- [The data]
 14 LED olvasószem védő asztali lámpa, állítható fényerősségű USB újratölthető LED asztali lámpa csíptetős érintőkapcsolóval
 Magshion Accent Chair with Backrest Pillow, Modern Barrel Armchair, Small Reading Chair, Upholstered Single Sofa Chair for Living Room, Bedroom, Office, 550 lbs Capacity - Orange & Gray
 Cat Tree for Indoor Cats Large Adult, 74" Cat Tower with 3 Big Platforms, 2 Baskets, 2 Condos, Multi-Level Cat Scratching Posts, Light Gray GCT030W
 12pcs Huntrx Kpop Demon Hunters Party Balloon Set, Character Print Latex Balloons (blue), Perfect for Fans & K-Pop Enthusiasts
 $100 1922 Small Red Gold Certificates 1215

==

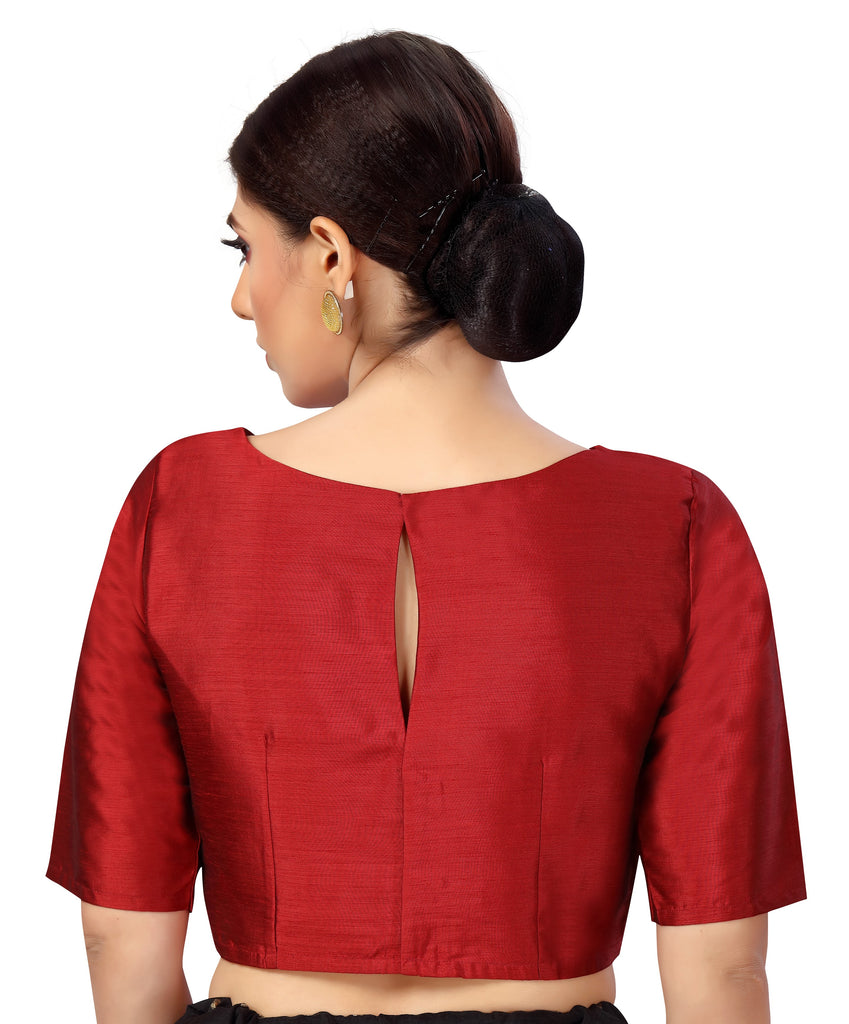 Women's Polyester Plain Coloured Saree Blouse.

- [What the exercise asks]
From the records above, copy every line that holds the word "Small".

- [Written answer]
 Magshion Accent Chair with Backrest Pillow, Modern Barrel Armchair, Small Reading Chair, Upholstered Single Sofa Chair for Living Room, Bedroom, Office, 550 lbs Capacity - Orange & Gray
 $100 1922 Small Red Gold Certificates 1215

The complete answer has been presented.